Recorded data
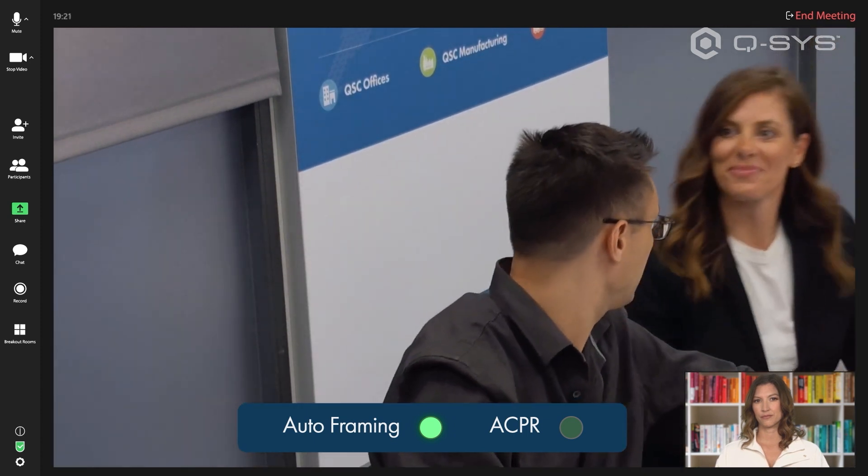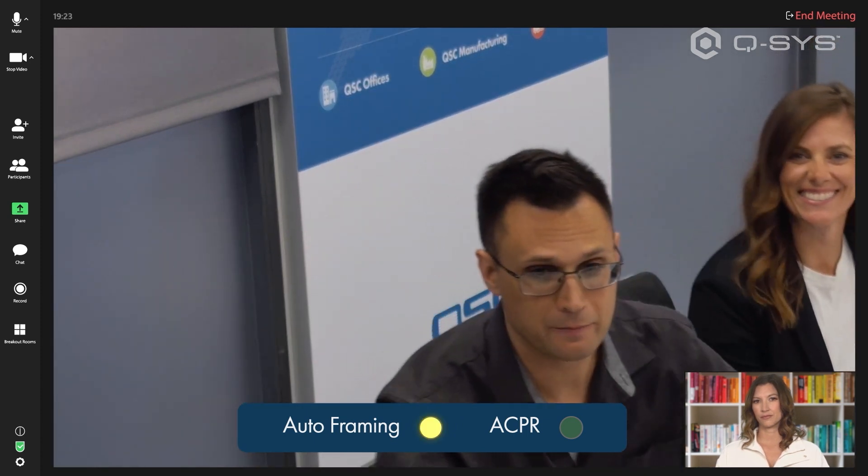Similarly, if the camera detects a second person, it adjusts to keep both of those subjects in frame.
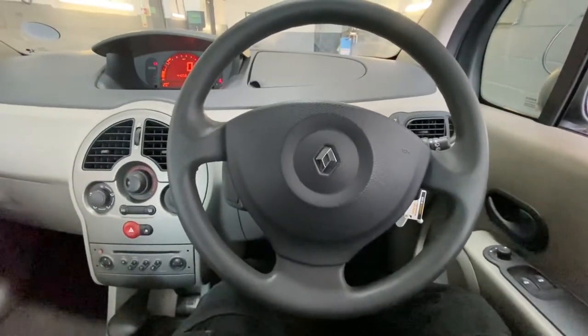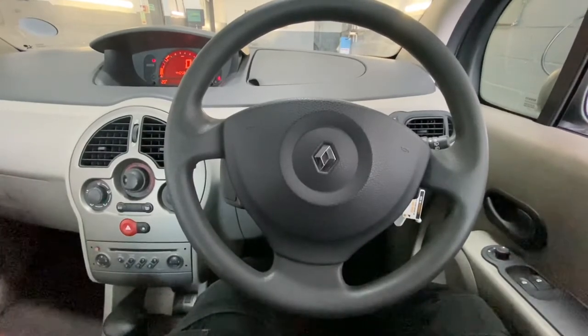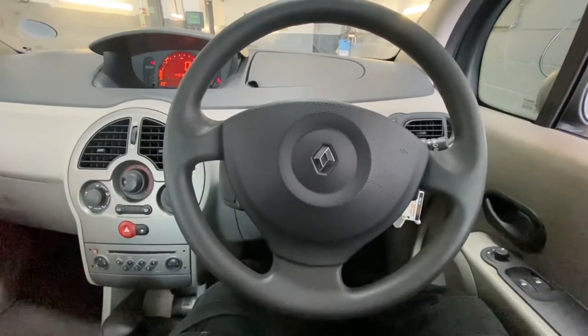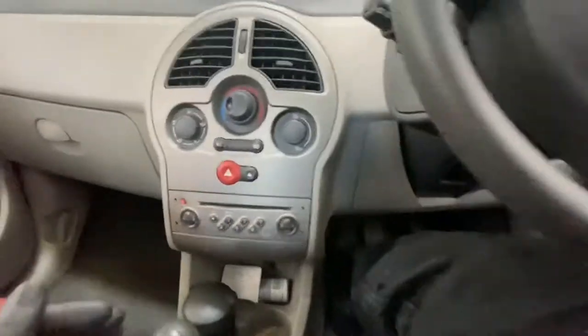Hello ladies and gentlemen, and welcome back to Gab Official. Today I'm going to show you where your diagnostic socket is located on this Renault Modus — this is a 2005 model — as you can see, literally in the center console.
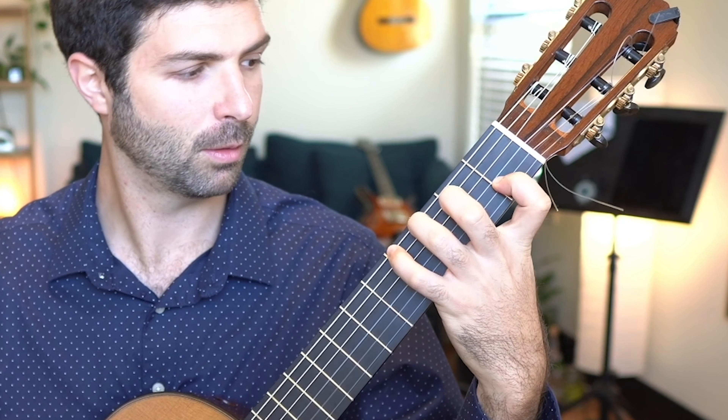You might have seen this in some of my other videos over on my Instagram. Let's talk just for a second about what I'm doing in the right hand to clear up some of these questions. I'm plucking P-I-M, P-I-M, P-I-M — so thumb, index, middle.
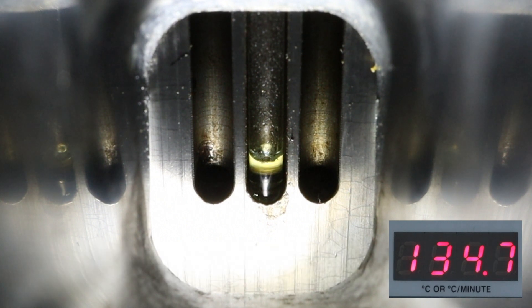At this point you can stop the apparatus and dispose of the capillary tube in a crock designated for glass only.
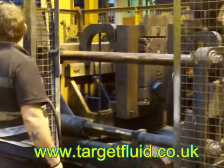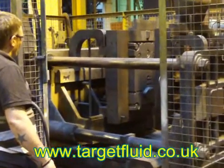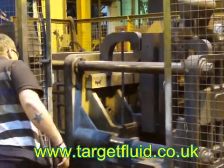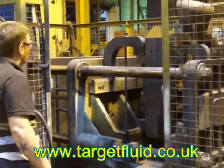We're now going to close the die, make sure that's okay and everything's fine. Now we can raise the casting machine.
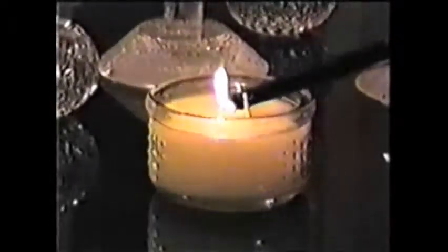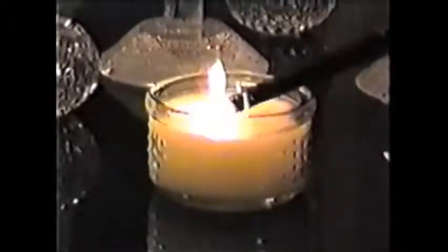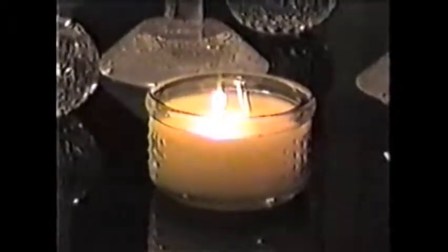Simply insert the candle wick into the guide and pull the trigger. The Wick Wizard cuts and lights the wick at the same time.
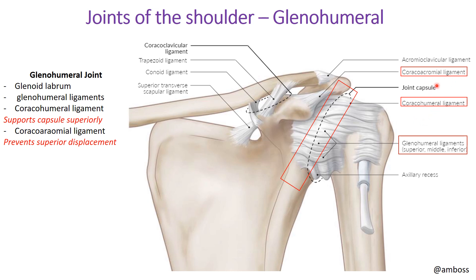The specific ligaments to identify: first, the coracoacromial ligament attaches the coracoid process to the acromion — two components of the scapula — and supports the joint capsule superiorly. Next, the coracohumeral ligament connects the coracoid process to the humerus, supports the joint superiorly, and prevents superior displacement of the humerus. Lastly, the glenohumeral ligaments are a group of ligaments on the anterior surface of the joint.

What to work on
What is needed here is an exact copy of all the entries, without the pictures.

Result of the exercise
Similarly, if the camera detects a second person, it adjusts to keep both of those subjects in frame.
Hello ladies and gentlemen, and welcome back to Gab Official. Today I'm going to show you where your diagnostic socket is located on this Renault Modus — this is a 2005 model — as you can see, literally in the center console.
You might have seen this in some of my other videos over on my Instagram. Let's talk just for a second about what I'm doing in the right hand to clear up some of these questions. I'm plucking P-I-M, P-I-M, P-I-M — so thumb, index, middle.
At this point you can stop the apparatus and dispose of the capillary tube in a crock designated for glass only.
We're now going to close the die, make sure that's okay and everything's fine. Now we can raise the casting machine.
Simply insert the candle wick into the guide and pull the trigger. The Wick Wizard cuts and lights the wick at the same time.
The specific ligaments to identify: first, the coracoacromial ligament attaches the coracoid process to the acromion — two components of the scapula — and supports the joint capsule superiorly. Next, the coracohumeral ligament connects the coracoid process to the humerus, supports the joint superiorly, and prevents superior displacement of the humerus. Lastly, the glenohumeral ligaments are a group of ligaments on the anterior surface of the joint.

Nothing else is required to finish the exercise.